Then finally in September I came back with a better attitude, a resolve to be easier on myself. Since then I've been making less of an effort to be grandiose and total in my review and am feeling comfortable honing in on one or two things I truly love about an album. And sometimes, as when I write about the Beatles, that leads to a write-up topping 1000 words, and sometimes it leads to something closer to 500 words like my write-ups of Death From Above 1979 or Pretty Girls Make Graves, both of which I absolutely love.
I'm still learning. I don't think I'll ever be happy with my writing style but somehow I'll get to a point where I think it's worth sharing and you'll get to read it. I'll always be working on it in some way or another, or else I'll finally just tap out on doing it. I keep questioning the value of what I do here, but ultimately I keep coming back because this is not the last word in objective quality criticism, this is a personal blog masking itself as criticism. It's me doing something that I feel like I still need to do after two years, which is find more awesome music for me to listen to. And if I get to be the one to tell you about it first, so much the better.
The truth, though, is this. I'm typing this at the tail end of three months of intense productivity on this site. I don't see it sustaining itself much longer. I feel very good about what I've been doing lately, and how I've learned it, and that if I could walk away for a while in the new year - if just for a while, again, that's what I choose - I could feel pretty all right with it. It's not like review writing is some act of great creativity, anyway. They don't hand out awards for making pointed observations and trying to influence consumer habits.
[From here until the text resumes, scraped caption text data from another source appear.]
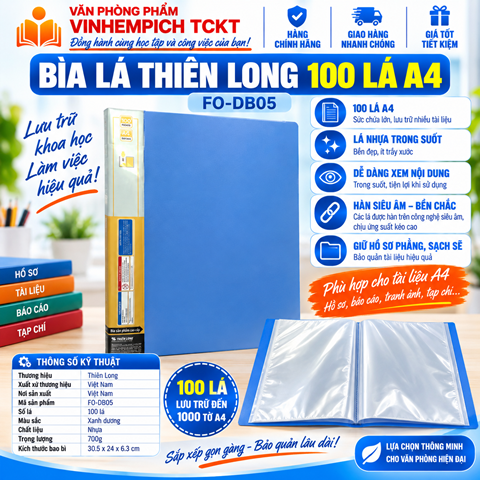 Bìa Lá Thiên Long 100 Lá A4 FO-DB05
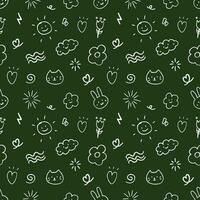 Chalk doodle hand drawn on blackboard seamless pattern background. back to school concept vector
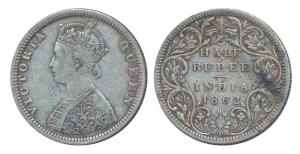 Victoria Queen, Silver ½ Rupee, 1862, Bombay Mint, B1 / II, Round pearls in the crown, (Pr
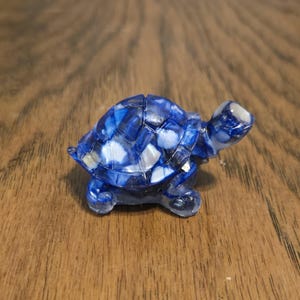 Blue Crushed Sea Shell Turtle Figurine, Resin Turtle, Tiny Turtle, Gift for Turtle Lover, Gift for Her, Gift for Daughter Stocking Stuffer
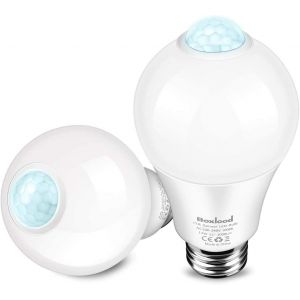 Ampoule Led Detecteur De Mouvement Pir, E27 Culot Vissé, 12w, 1000 Lumens (Équivalent De 100 Watts), 220v, 6000k Blanc Froid, Ampoules D'éclairage De Sécurité, Lot De 2 - Neuf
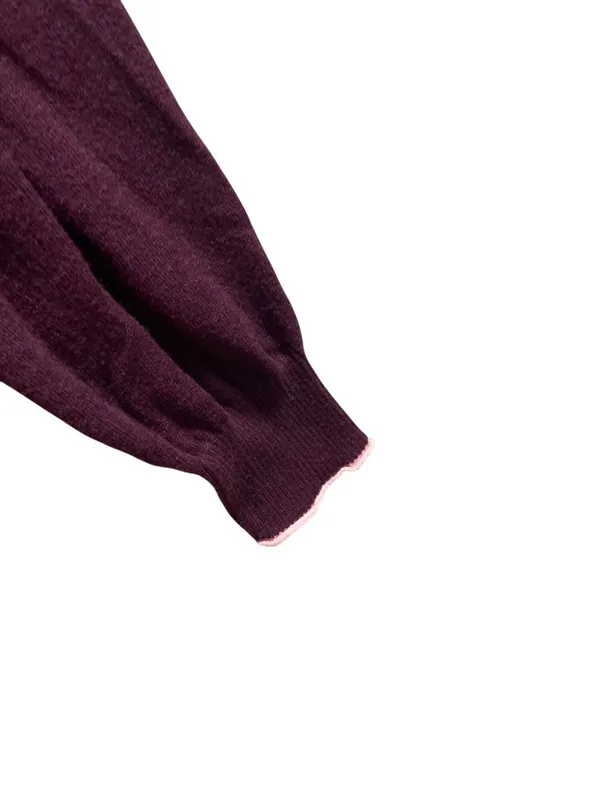 Scotch & Soda Classic Long Sleeve Cardigan Burgundy Size L Classic Preppy Fall - Image 10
My own observations are often, by my own standards, mundane and pedestrian, but I think they sometimes speak more to what draws people to whatever kind of music. A little while ago I happened upon this interview with the Ramones on YouTube, where they pointedly stated that rock and roll music is supposed to be fun. And there are many great writers and essayists who can take that material and write out fascinating, significant essays about it, but as much as I enjoy and am envious of what they do, I will never be them. At least not when that's what I'm trying to be. I want this to be as fun as I find listening to and discovering (and talking about!) music, and if it's not, I don't know why I would keep doing it.
Keep on rockin'
-Scotto
Monday, September 17, 2012
And We're Back. (Tomorrow)
Firstly, I'll apologize to those of you who really do read my blog out of an interest in music, and a desire to find new things to listen to (or get reassured about stuff you already like.) I didn't necessarily intend to take the whole summer off, but when it became clear that was what was happening, I rolled with it.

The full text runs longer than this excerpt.